ArtVoice Update: Last Week’s Bookmarks/Cutting Room Floor Bookmark/Ripley Interview in Limbo

December 21, 2006

     I have no goddamned idea why the Ripley interview hasn’t run yet, but I know that ‘In The Margins’ is a cramped section as is and perhaps they had more pressing seasonal articles to run.  We were both told that it would run last week or this week and still nothing, so I give up on looking for it at this point.  It’s looking like it might get stuck in development hell and I put the time in on the interview two months ago, so who knows…

     In the meantime, here are the two bookmarks that ran last week (‘Lost Girls’ and ‘Hellblazer: Empathy Is The Enemy’ along with the graphic novel review they didn’t run (Justice: Book One).  I’m going out to do two bar reviews in one night tonight for Night Life so I’ll leave it at that.  And as far as ‘Cheap Degenerate’s Guide To Buffalo Bars’, if you haven’t purchased it yet from the site, hold off for a week; I’m converting it into a 5×8 paperback for portable purposes.  And YourHub contacted me today about a SECOND lunch to discuss things, so keep your fingers crossed for me.  Great things could be on the horizon.  Seeya,

Tom Waters

It’s been too long since Alex Ross committed to a full project in the field of comics thanks to the runaway success of his career as an artist. Justice: Book 1 (DC, $19.99) with Jim Krueger and Doug Braithwaite marks his triumphant return to form in a genre he’s a natural at. For what’s conceived as a twelve part hardcover series, one can’t help but feel that he’s feeding off of the introspective and humanizing work that writer Rags Morales accomplished with Brad Meltzer and Michael Bair in Identity Crisis (DC, $24.99, 2006), and while the first volume is the sincerest form of flattery, it’s still imitation. Hopefully the lofty ambitions of a twelve book story arc will transcend it’s humble and unoriginal origins. Justice not only turns the tables on Good Versus Evil, it flips the table over as DC’s greatest Super Villains conspire to cure all the world’s ills in a plot to discredit, dismember and destroy their superheroic counterparts, The Justice League Of America. Ross’ artwork has evolved to the point where his menagerie of characters no longer look like they’re 45, which is a bonus. At $19.99 for a slim hardcover, it’s a small investment for any avid collector or DC super freak. As a longtime Joker fanatic, I hope that the clown prince of evil makes more than a passing cameo in the volumes to come. While nowhere near as flawless and crafty as Kingdom Come (DC, 1997), it still towers over the heart bleeding banality of The World’s Greatest Superheroes (2005).

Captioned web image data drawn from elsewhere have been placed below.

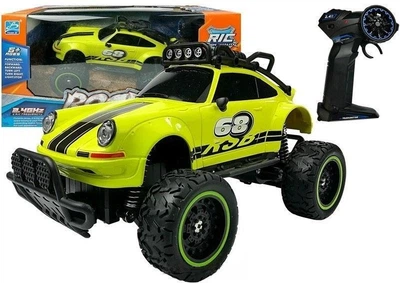 Auto zdalnie sterowane Leantoys Beetle 1:16 Żółte 6657 (5908275994657)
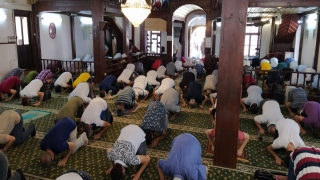 Kuzey Makedonya’da Ayasofyai Kebir Camii Şerifi için şükür secdesi yapıldı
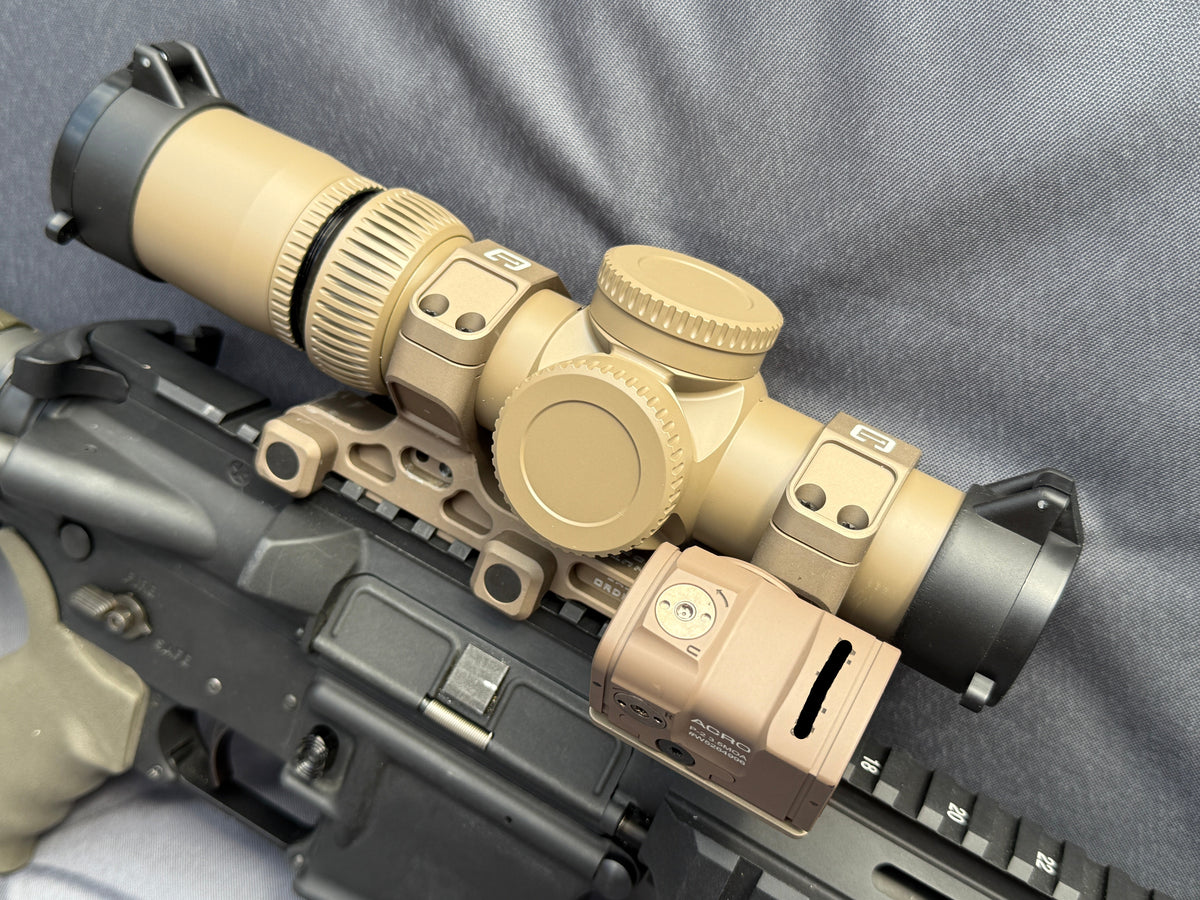 Airsoft KS1 L403A1 LPVO 1-10x 24 AMG style Rifle scope
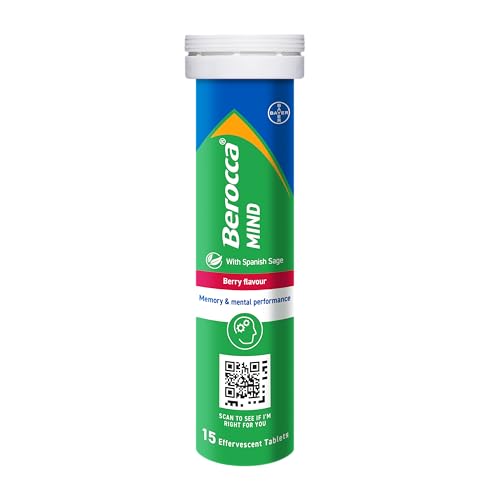 Berocca Mind Effervescent Tabl...e - 15 Tablets - Berry Flavour - down 58.76% (£5.87) to £4.12 from £9.99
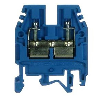 Bloc de jonction de passage, à vis, 4mm², 32A, 1000V, bleu (A4)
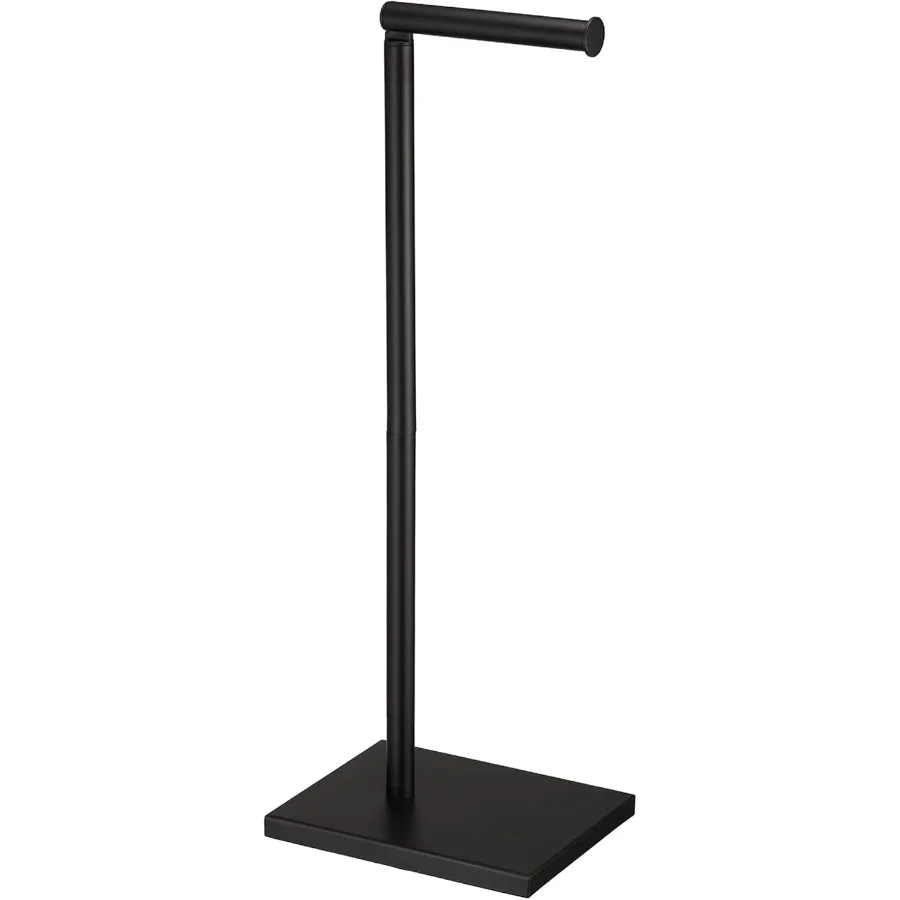 

Отдельно стоящий держатель для туалетной бумаги в ванной комнате с резервной подставкой из нержавеющей стали, черный держатель для рулона салфеток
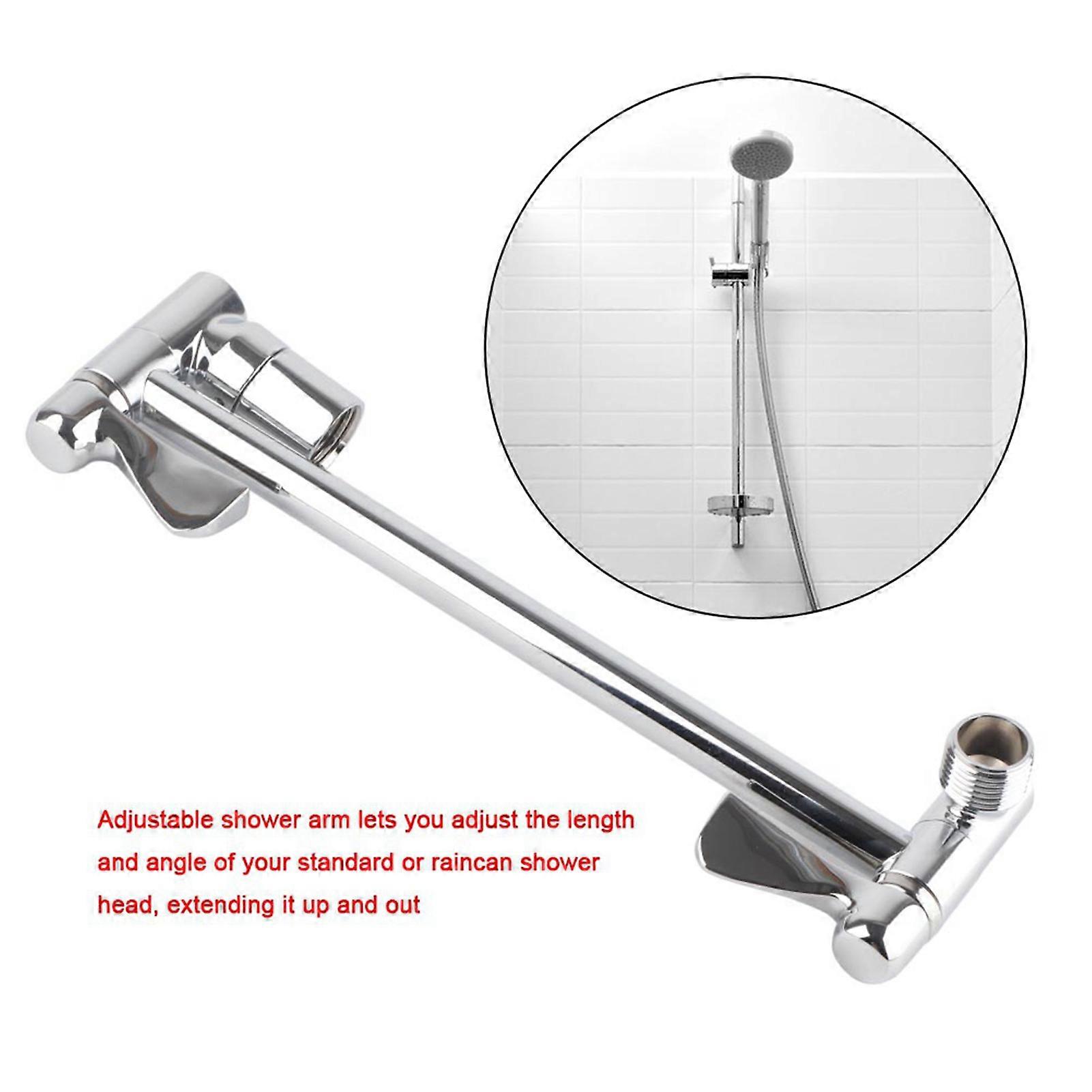 Adjustable Shower Extension Arm Wall Mount for Bathroom Showerhead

It’s impossible to dispute the crossover phenomenon that Lost Girls (Top Shelf Productions, $75.00) by Alan Moore and (Moore’s former wife) Melinda Gebbie has become. Well into it’s second printing, the three volume coffee table meditation on fantasy and erotica makes a powerful statement about the enduring force of physical and psychological love in all of it’s forms. The books cover a chance meeting at a hotel in France during the 20th century between Wendy from Peter Pan, Alice from Alice In Wonderland and Dorothy from The Wizard Of Oz. Moore plots out a brilliant interpretation of each mythos as it applies to puberty and sexual discovery and interlaces each woman’s anecdote with lurid and powerful pornography illustrated by Gebbie. It was a risky project but it paid off in spades, transcending mediums above and beyond just comic reader appeal. Moore is the greatest living comic writer of our time and it’s a shame that his graphic novels have been so poorly adapted on the silver screen. The odds of Lost Girls becoming a popcorn action movie are slim to nil, which I’m grateful for. His gift and his curse is that his stories are perfect on the printed page only. The pacing is a bit sluggish at times over the course of the three volumes and coldly cerebral at other times but the message is timeless: make love, not war, baby. This series is guaranteed to skyrocket in value so scoop it up if you can find it while it’s still on shelves.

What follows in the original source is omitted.